Oscar-winner Matthew McConaughey hammered the “illiberal” left in America as both “condescending and patronizing,” warning that there is a bias in Hollywood against committed Christians like himself.
In an interview on the Joe Rogan Experience, the 50-year-old described the negative reaction of his industry colleagues in the audience to his acceptance speeches where he thanks God and credited his Christian faith with his success.
“I have had—and I won’t throw any people under the bus—but I have had moments where I was on stage receiving an award in front of my peers in Hollywood, and there were people in the crowd that I have prayed with before dinners many times, and when I thanked God, I saw some of those people go to clap, but then notice that, ‘bad thing on my resume’ and then sit back on their hands,” McConaughey explained.
“I’ve seen people read the room and go, ‘whoa, that wouldn’t bode well for me in the future,’ if for getting a job or you’re getting votes or what have you,” he continued. “I have seen that; I’ve witnessed that. … I don’t judge them for it, I just wish, you know—that it seems like a silly argument.”

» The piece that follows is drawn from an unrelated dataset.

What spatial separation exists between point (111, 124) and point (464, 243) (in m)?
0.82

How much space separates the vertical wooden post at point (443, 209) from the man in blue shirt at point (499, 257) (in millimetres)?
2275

Citing arguments made by the popular Candian psychologist Jordan Peterson, the Dallas Buyers Club star said the prejudice against Christians was an example of the “illiberal left” being “condescending and patronizing” to the billions of people who worship God.

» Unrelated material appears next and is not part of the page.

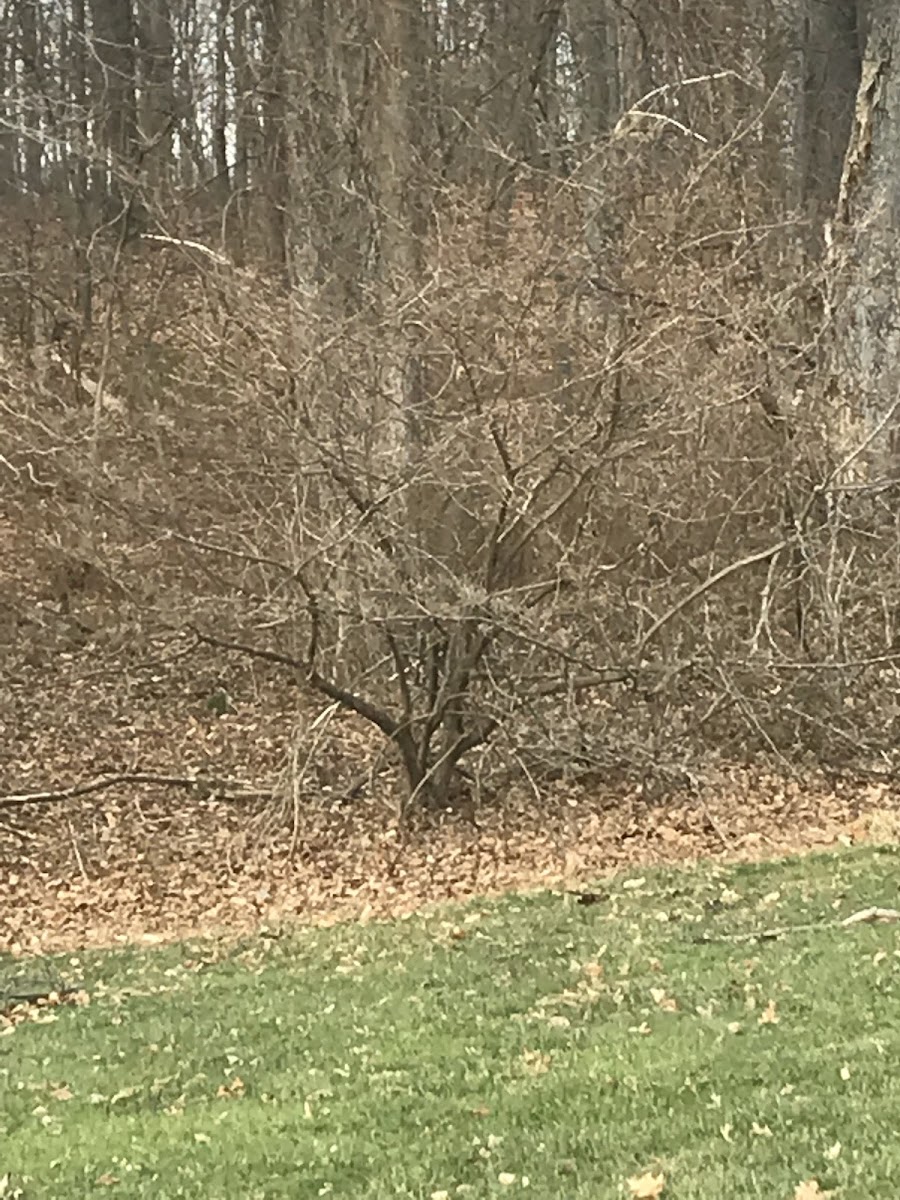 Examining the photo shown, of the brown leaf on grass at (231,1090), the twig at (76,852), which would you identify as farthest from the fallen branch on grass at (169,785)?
the brown leaf on grass at (231,1090)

“One of the things that … some people in our industry, not all of them, but there’s some that go to the left so far—as our friend Jordan Peterson [says]— that go to the illiberal Left side so far that it’s so condescending and patronizing to 50% of the world that need the empathy that the liberals have,” he added.
Unlike the majority of Hollywood, McConaughey has not endorsed Democratic nominee Joe Biden in next month’s all-important election. However, he warned last week that people should accept the result of the presidential election and “embrace” the winner, even if that is once again Donald Trump.
“It’s time to get constructive and not deny the fact of whatever’s happened and embrace the situation,” he said in an interview with Fox and Friends. “Whoever is going to be commander in chief and president of the United States of America, that’s not something, hopefully, that we’re going to deny or be able to argue.”